What is being asked ▸ Lines from the line with "a8703|B站刚完结的高人气新番，均分9.6以上，播放量或超越鬼灭之刃" to the line with "PANIERS DE RANGEMENT" in the entries below, and only those, must be output exactly, with both ends included.

Data supplied ▸
+===+
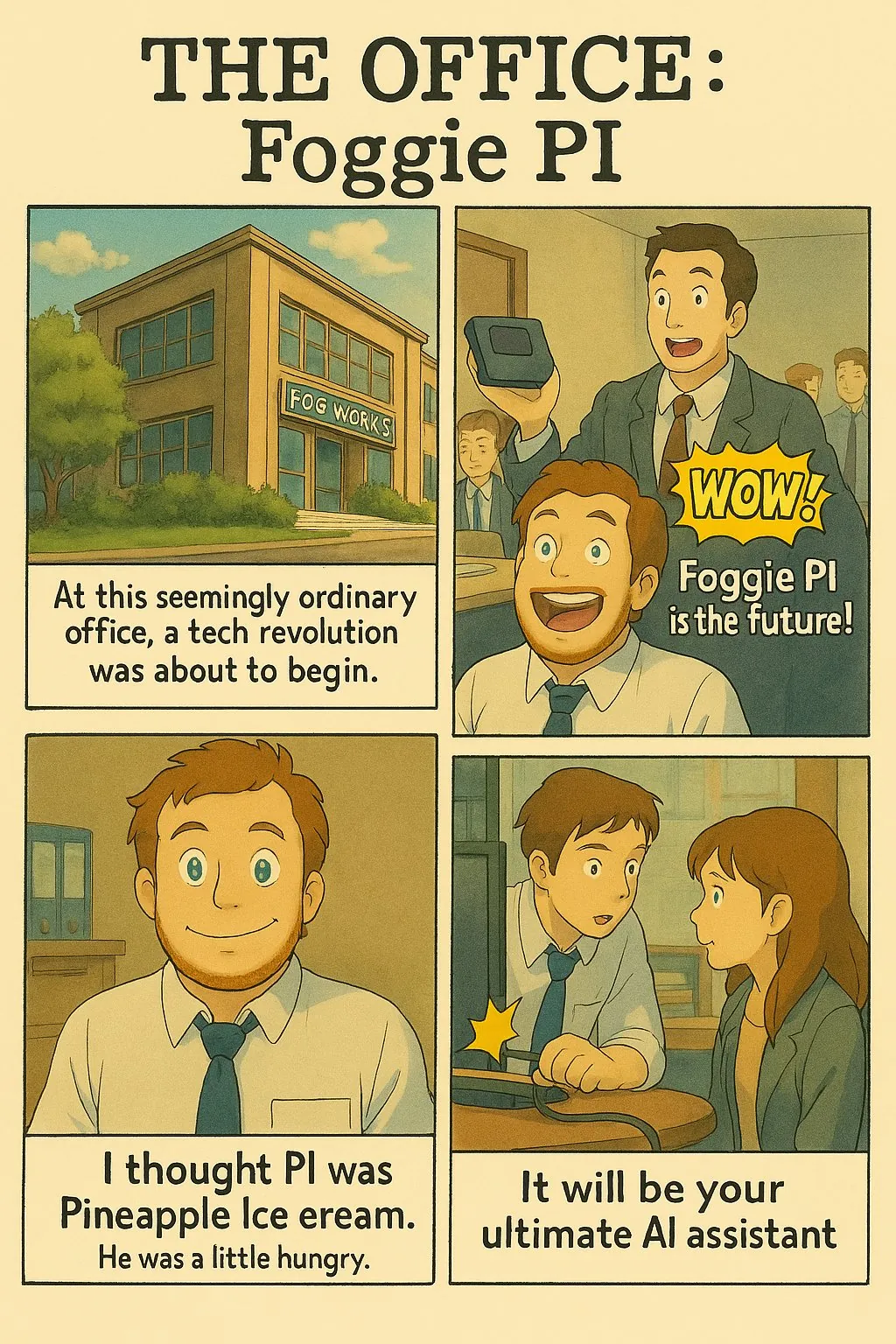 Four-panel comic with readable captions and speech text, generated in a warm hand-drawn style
+===+
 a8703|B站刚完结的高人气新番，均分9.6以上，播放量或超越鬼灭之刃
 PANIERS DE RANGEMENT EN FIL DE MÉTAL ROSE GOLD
+===+
Problem solution ▸
 a8703|B站刚完结的高人气新番，均分9.6以上，播放量或超越鬼灭之刃
 PANIERS DE RANGEMENT EN FIL DE MÉTAL ROSE GOLD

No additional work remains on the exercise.